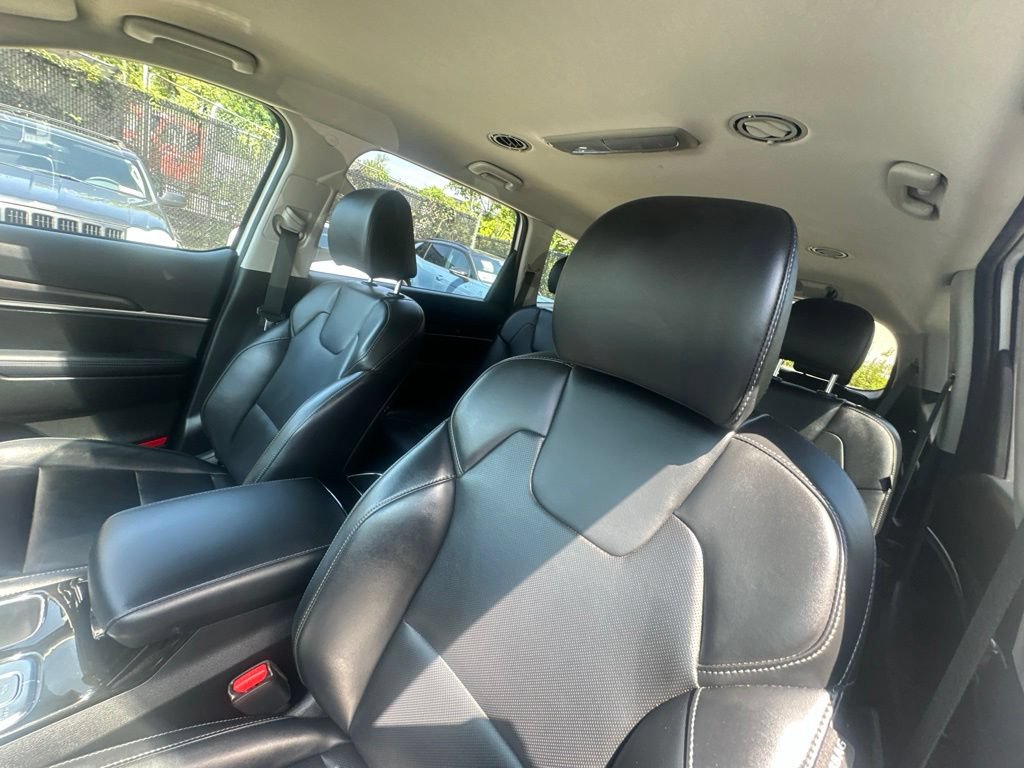 Used 2024 Kia Telluride LX AWD/4WD image 11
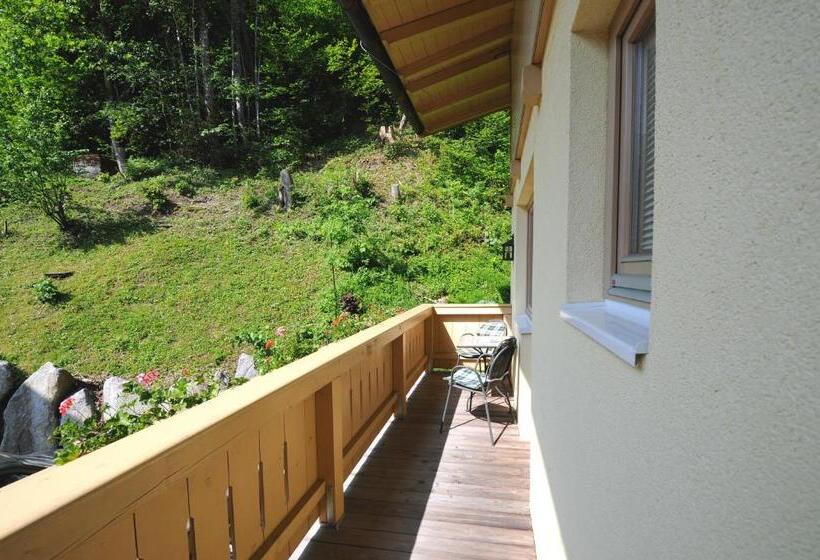 住宿加早餐  Pension Mirabelle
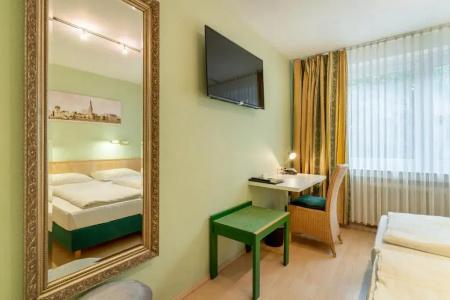 Arosa Düsseldorf Oberkassel - 25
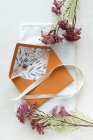 Enveloppe doublée de fleurs avec ruban et fleurs fraîches — Photo de stock
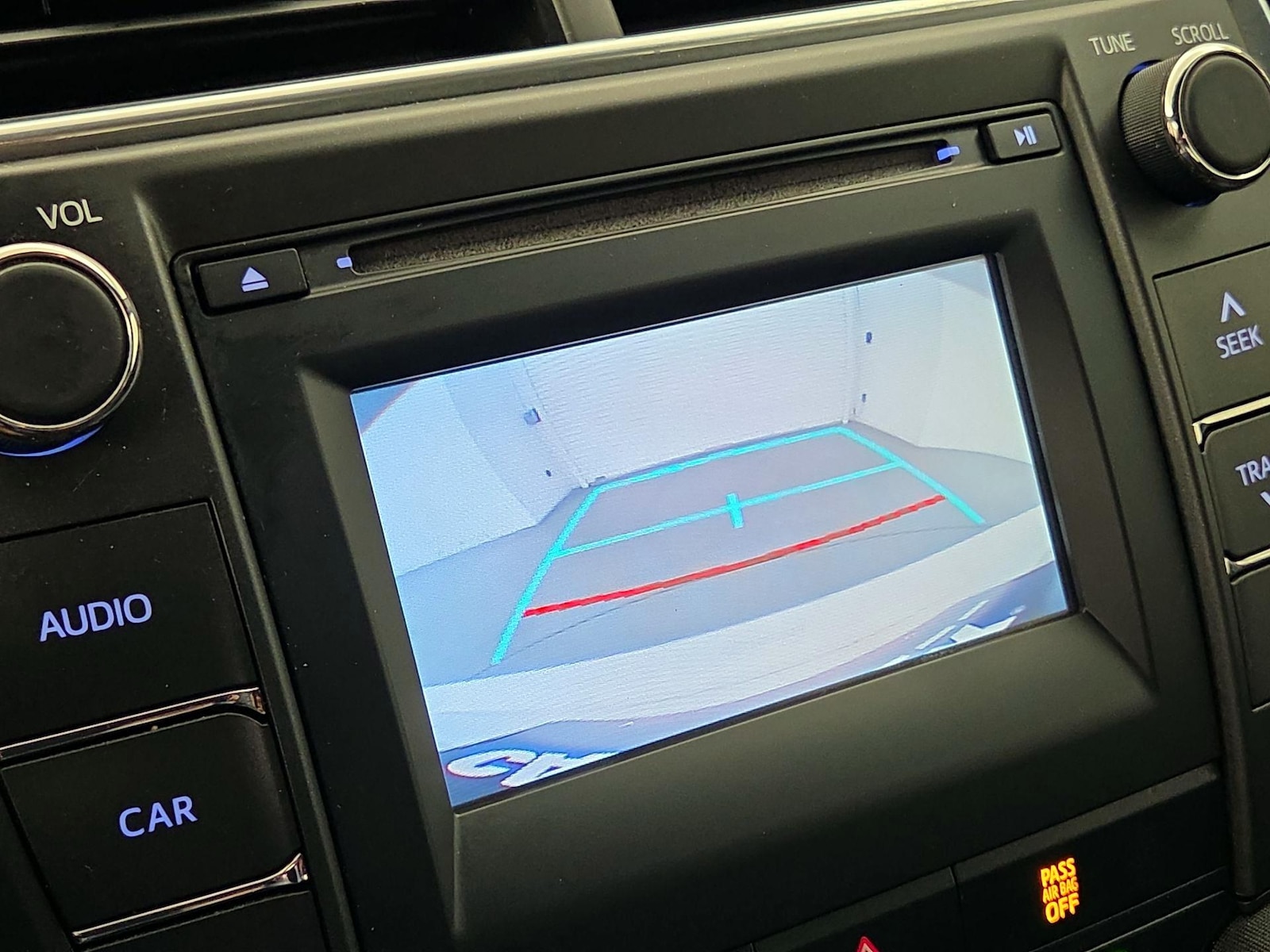 2017 Toyota Camry LE - Photo 14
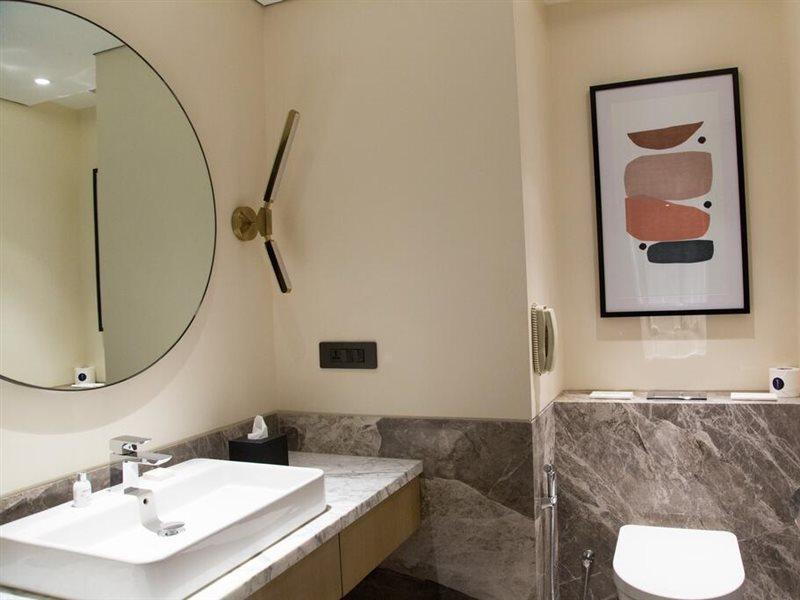 Radisson Blu Mumbai International Airport Hotel Exterior foto Bathroom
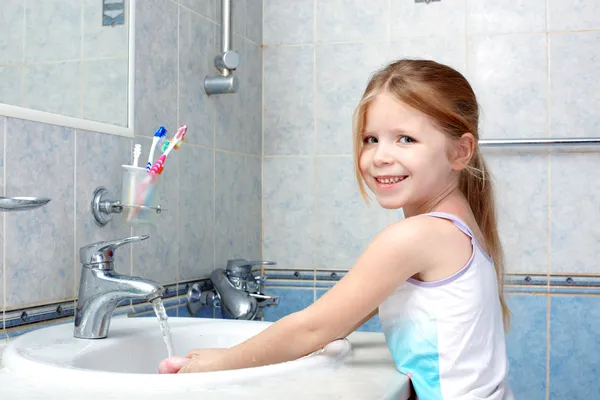 Klein meisje wassen met zeep in de badkamer — Stockfoto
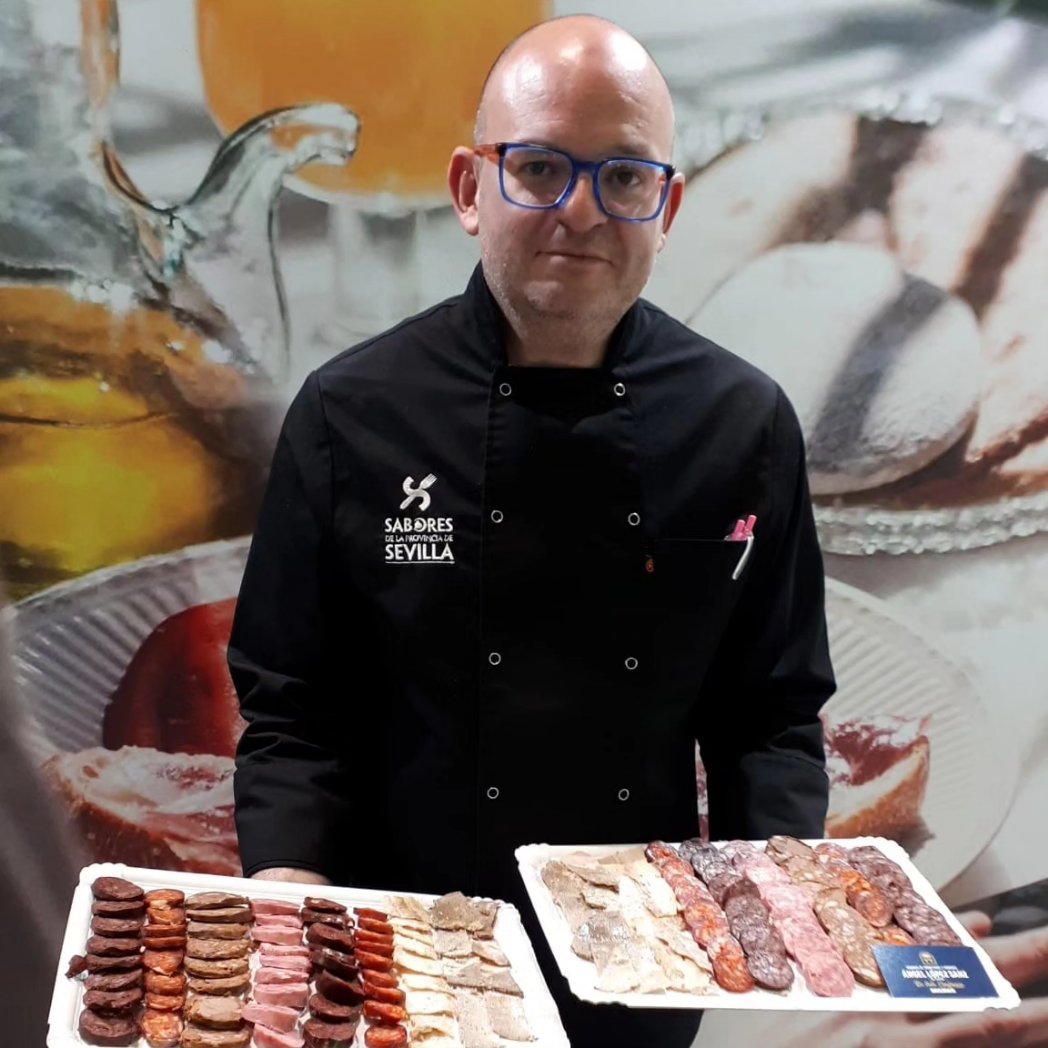 ¡Continuamos con las presentaciones de productos de nuestra tierra en el Salon Gourmets IFEMA! 👨‍🍳👩‍🍳 🔸 Salsas Quietud, Sevilla 🔸 Quesos Los Vázquez 🔸 J.Méndez 🔸 Embutidos Ángel López Sanz 🔸 Vermut Florum @GrupoGourmets @prodetur @La_Quincana @LaCataora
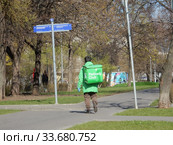 Курьер сервиса быстрой доставки еды "Delivery Club" в дни самоизоляции при коронавирусе COVID-19. Байкальская улица. Район Гольяново. Город Москва (2020 год). Редакционное фото, фотограф lana1501 / Фотобанк Лори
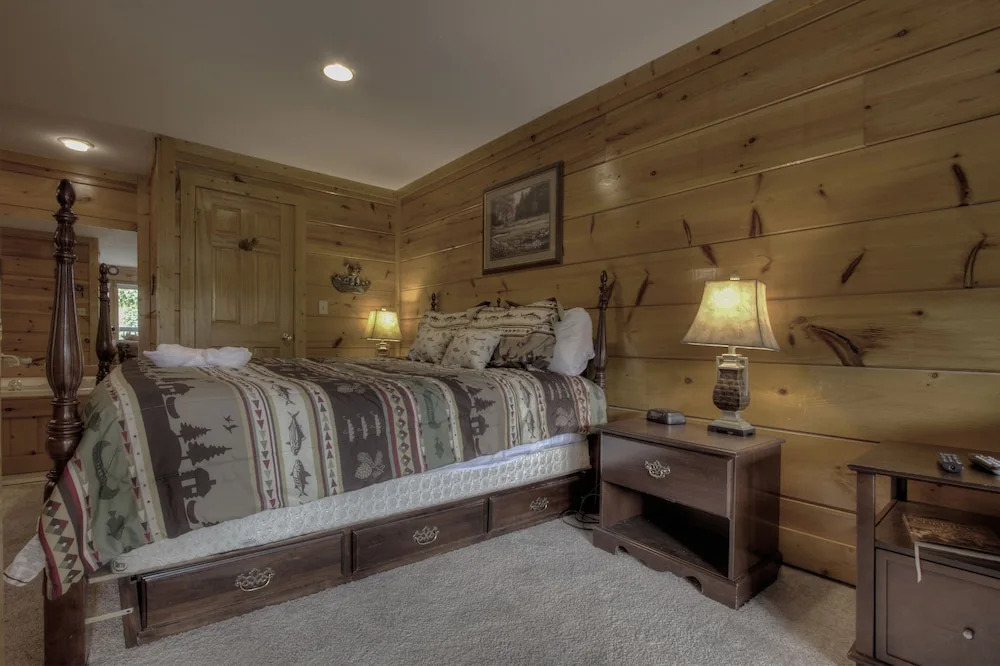 The Nutty Nook  287 - Two Bedroom Cabin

__________________________________________________

**What is being asked**
Before you return the listing, strip out its pictures; all else must match exactly.

**Written response**
 Used 2024 Kia Telluride LX AWD/4WD image 11
 住宿加早餐  Pension Mirabelle
 Arosa Düsseldorf Oberkassel - 25
 Enveloppe doublée de fleurs avec ruban et fleurs fraîches — Photo de stock
 2017 Toyota Camry LE - Photo 14
 Radisson Blu Mumbai International Airport Hotel Exterior foto Bathroom
 Klein meisje wassen met zeep in de badkamer — Stockfoto
 ¡Continuamos con las presentaciones de productos de nuestra tierra en el Salon Gourmets IFEMA! 👨‍🍳👩‍🍳 🔸 Salsas Quietud, Sevilla 🔸 Quesos Los Vázquez 🔸 J.Méndez 🔸 Embutidos Ángel López Sanz 🔸 Vermut Florum @GrupoGourmets @prodetur @La_Quincana @LaCataora
 Курьер сервиса быстрой доставки еды "Delivery Club" в дни самоизоляции при коронавирусе COVID-19. Байкальская улица. Район Гольяново. Город Москва (2020 год). Редакционное фото, фотограф lana1501 / Фотобанк Лори
 The Nutty Nook  287 - Two Bedroom Cabin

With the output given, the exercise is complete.